Chances are, you've seen Mel Gibson's film, The Passion of the Christ. If you have, you probably remember the silence after the movie. In showing after showing, people sat in their seats too numb to talk—or move. The beatings and crucifixion were all so horrible and unbelievable. What could you possibly say?

Imagine how the disciples felt as they watched their leader suffer and then die.

His followers had such high expectations. They felt Jesus would somehow make the Roman rulers sorry they'd ever set foot—and sword—in their land. They were certain he would kick them all the way back to Rome. Not only that, but Jesus showed himself to be a great man, a great teacher, a great friend. Then at the height of popularity, this incredible person was tragically killed and tossed in a grave to rot. Imagine the letdown, the disappointment.

But things aren't always as they seem. And, as they say, the darkest part of the night is the moment before dawn. If anything, Jesus' death and burial ought to teach us that the worst part might not be the end of the story. We have all experienced some sort of crisis. We have all been through times when things seemed so dark and despairing that we were ready to call it quits—thinking the game was over and we had lost everything.

But the story of the crucifixion shows us that the game was not over. Yes, there would be resurrection. And that's so important—and our great hope for our own resurrection and eternal future. It also gives us hope for getting through our current crises. Good can follow bad. The resurrection teaches us that. But in looking at the resurrection, we must also remember the great good that came out of Jesus' suffering, crucifixion and terrible death. All this showed just how much God loves us. That death also became the means of forgiveness of sins and opened the doorway wide open to heaven. His death became our hope and healing. As it says in 1 Peter 2:24 (NIRV): "He himself carried our sins in his body on the cross. He did it so that we would die as far as sins are concerned. Then we would lead godly lives. His wounds have made you whole."

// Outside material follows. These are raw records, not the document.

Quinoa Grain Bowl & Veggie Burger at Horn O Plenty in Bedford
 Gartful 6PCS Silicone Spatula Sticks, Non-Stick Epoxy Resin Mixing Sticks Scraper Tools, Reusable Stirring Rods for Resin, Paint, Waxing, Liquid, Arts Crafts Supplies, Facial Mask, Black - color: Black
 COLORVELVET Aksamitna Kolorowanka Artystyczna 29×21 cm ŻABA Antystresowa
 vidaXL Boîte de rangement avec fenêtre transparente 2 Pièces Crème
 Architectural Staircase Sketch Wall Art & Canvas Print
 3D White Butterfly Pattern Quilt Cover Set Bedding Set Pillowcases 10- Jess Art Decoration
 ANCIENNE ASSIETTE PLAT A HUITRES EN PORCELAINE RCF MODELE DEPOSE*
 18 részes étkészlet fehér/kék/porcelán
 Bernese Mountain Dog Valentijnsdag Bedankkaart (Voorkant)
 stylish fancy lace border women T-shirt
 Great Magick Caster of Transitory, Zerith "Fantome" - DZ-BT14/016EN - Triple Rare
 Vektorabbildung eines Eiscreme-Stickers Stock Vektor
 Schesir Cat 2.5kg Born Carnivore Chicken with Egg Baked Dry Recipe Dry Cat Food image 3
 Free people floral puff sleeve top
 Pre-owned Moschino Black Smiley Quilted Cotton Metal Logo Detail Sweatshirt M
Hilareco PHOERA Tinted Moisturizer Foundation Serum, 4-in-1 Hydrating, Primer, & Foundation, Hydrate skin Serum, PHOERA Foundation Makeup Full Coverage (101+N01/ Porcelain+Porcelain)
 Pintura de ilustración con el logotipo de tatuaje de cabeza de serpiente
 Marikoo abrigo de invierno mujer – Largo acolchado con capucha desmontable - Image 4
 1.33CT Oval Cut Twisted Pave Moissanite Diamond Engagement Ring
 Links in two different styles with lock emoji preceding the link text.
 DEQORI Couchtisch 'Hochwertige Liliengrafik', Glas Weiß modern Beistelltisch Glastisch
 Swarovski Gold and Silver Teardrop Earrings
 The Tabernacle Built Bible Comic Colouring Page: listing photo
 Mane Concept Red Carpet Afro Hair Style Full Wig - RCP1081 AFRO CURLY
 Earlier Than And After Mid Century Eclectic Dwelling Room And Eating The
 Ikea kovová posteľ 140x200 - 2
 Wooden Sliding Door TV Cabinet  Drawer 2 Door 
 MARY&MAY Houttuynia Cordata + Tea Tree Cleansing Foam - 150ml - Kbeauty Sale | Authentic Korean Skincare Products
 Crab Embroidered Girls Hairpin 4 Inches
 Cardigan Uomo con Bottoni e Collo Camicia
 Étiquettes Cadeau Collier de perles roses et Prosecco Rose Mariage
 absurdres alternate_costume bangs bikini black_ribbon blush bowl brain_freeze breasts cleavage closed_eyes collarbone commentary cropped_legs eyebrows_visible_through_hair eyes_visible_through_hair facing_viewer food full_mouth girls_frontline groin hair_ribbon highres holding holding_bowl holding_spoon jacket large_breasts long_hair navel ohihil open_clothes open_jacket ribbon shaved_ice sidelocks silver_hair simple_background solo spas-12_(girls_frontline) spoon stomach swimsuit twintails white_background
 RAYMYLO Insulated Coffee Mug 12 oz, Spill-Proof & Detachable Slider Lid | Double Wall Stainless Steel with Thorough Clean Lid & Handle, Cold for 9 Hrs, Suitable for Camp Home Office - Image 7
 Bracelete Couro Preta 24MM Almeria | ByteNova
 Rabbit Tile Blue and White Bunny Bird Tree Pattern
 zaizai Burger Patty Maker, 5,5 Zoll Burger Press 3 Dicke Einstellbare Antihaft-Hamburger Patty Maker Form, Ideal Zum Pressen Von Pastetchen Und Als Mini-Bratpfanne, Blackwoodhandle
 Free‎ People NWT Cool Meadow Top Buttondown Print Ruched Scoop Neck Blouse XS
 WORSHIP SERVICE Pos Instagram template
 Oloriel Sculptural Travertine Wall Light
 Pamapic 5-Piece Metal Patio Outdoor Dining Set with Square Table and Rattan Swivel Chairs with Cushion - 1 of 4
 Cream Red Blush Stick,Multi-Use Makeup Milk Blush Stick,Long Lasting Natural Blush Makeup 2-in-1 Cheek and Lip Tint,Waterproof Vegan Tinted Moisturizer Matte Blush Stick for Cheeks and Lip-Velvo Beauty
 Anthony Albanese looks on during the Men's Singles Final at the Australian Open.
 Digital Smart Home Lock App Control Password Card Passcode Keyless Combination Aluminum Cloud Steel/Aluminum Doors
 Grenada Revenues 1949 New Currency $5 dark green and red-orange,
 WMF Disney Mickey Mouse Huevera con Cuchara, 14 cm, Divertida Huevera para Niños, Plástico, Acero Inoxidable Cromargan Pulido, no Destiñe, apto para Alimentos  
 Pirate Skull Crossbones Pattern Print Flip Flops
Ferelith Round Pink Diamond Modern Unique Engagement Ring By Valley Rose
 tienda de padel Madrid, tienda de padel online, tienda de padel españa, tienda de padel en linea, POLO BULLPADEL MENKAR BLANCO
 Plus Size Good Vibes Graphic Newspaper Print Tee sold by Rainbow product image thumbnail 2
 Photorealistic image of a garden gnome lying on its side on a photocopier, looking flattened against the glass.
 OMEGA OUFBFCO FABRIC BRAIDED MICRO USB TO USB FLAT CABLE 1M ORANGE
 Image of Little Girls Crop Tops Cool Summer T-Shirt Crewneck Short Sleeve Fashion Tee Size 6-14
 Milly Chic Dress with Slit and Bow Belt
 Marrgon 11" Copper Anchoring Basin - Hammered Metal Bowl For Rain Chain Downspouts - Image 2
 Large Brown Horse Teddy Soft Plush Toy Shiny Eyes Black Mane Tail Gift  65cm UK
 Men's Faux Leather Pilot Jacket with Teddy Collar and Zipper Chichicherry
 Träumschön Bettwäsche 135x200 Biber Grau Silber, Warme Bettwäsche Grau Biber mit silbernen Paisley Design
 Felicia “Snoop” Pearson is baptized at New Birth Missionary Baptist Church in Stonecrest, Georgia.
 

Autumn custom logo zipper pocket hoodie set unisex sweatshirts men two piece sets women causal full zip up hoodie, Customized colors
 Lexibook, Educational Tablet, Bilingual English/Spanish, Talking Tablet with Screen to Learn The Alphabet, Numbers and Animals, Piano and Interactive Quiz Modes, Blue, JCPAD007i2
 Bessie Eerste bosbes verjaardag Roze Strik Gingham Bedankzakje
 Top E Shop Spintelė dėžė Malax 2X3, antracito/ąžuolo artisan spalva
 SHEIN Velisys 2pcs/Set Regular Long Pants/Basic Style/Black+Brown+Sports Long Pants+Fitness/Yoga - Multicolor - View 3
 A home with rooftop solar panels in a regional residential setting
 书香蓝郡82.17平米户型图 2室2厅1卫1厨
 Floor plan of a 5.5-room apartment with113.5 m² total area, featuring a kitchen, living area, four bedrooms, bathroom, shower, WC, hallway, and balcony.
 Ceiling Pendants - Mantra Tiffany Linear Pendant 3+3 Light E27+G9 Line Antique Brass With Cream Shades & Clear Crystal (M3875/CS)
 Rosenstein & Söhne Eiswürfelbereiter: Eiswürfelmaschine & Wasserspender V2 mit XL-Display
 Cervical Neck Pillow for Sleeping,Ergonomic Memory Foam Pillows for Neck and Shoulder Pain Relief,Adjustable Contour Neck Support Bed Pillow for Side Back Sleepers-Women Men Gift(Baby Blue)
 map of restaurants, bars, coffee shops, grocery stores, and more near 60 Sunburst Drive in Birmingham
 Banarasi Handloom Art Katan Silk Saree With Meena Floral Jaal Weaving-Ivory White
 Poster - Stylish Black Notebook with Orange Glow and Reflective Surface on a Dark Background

As we look at Jesus' suffering, however, we need to remember something. His suffering wasn't just about his painful death on the cross. It wasn't just about all those whippings, beatings and that crown of thorns crushed down on his head.

Have you ever had a friend betray your confidence? So did Jesus. Have you ever had a friend deny you at a moment when you needed someone to stick up for you? So did Jesus. Have you ever been misunderstood? So was Jesus. Have you ever had people accuse you of things you never did? It happened to Jesus, too. Have you ever felt alone in this world? Jesus knows the feeling. He experienced it, too.

Jesus' suffering is really incredible once you stop and think about it. Perhaps we often easily turn to him for help because, way down inside, we know we are praying to someone who understands what we're going through. Sometimes there's great comfort in having our sadness understood by someone else who knows how we feel.

What are you going through right now that seems too difficult to handle? Turn your pain into a prayer. Ask God to help you see and better understand his own suffering (if you need a reminder, read Mark 14:32-15:37). Ask God to help you see how much he understands your deepest hurts. Then thank him for his sacrificial love. And thank him that, by his painful wounds, you are truly made whole.